How then do normal peptides induce a tumor-specific immune response? This is only conceivable when such peptides have been missed in the negative selection steps in the thymus, thus allowing specific CTLs to progress into fully functional entities. CTLs with low-affinity T-cell receptors (TCRs) against self-antigens may escape negative selection. When tumors express these antigens in large quantities, a resulting high MHC-peptide concentration will allow low-affinity TCR to build up a sufficient signal for CTL activation, then following the laws of mass action.8 Also, CTLs can be made inactive by so-called peripheral tolerance and respond to tumor antigens, especially for antigens more or less selectively and highly expressed in tumor tissue, when activated by checkpoint antibodies.
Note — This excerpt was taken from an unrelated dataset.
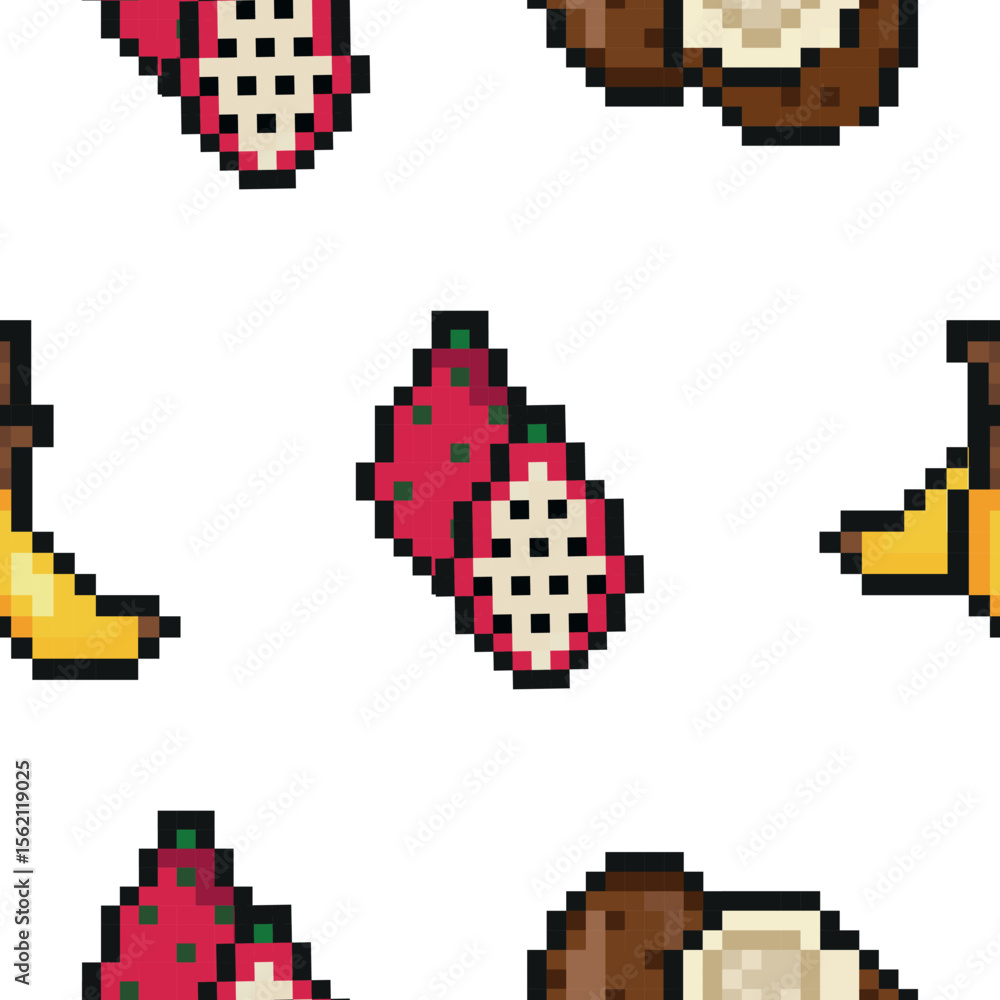 Fototapete pattern of three exotic fruit icons in pixel art style, namely banana, coconut and dragon fruit icons, retro 8-bit graphics style with visible square pixels and minimal color palette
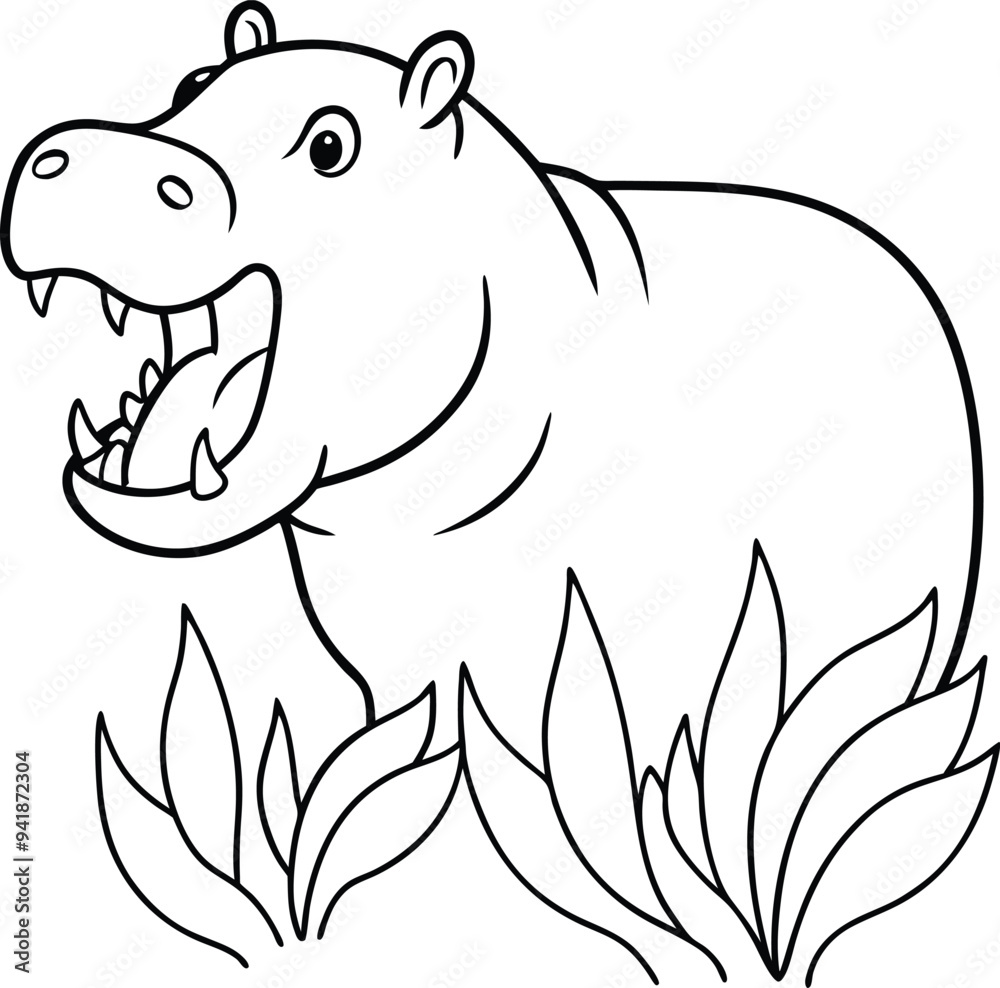 Fototapeta premium Simple hippo illustration for kids coloring book encourages artistic expression and enjoyment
Of note, many patients undergo chemotherapy and/or radiotherapy as first-line treatment of their malignancies. These treatments have marked effects on the peptidome. Many drugs used in chemotherapy of cancer also affect the epigenome and thus the transcriptome, the proteome, and, ultimately, the MHC class I–associated peptidome.9 Radiotherapy activates the mammalian target of rapamycin pathway, which controls translation of a subset of transcripts and thus alters the proteome and the MHC class I peptidome as well.10 These and possibly many other options can affect the MHC class I peptidome in tumor cells. These nonmutated peptides can then be recognized by CTLs that have escaped negative selection and allow successful immunotherapy of tumors with low mutation rates, especially when checkpoint control is removed. Mass spectrometry analysis of the tumor-specific peptidome in combination with tetramer analyses identified these peptides for MM. But the study by Walz et al1 also implies that the full spectrum from tumors with many mutations to tumors with few or no mutations can in fact respond to immunotherapy with checkpoint antibodies and other immunotherapy approaches under development. Feeding the DNA sequencing activities into the programs for identifying the oncopeptidome by mass spectrometry may further expand the oncopeptidome for personal vaccination options of cancer patients. The recent developments in tumor immunotherapy may then have clinical consequences for more cancer types than currently appreciated. And this is good news for all cancer patients.
Conflict-of-interest disclosure: The author declares no competing financial interests.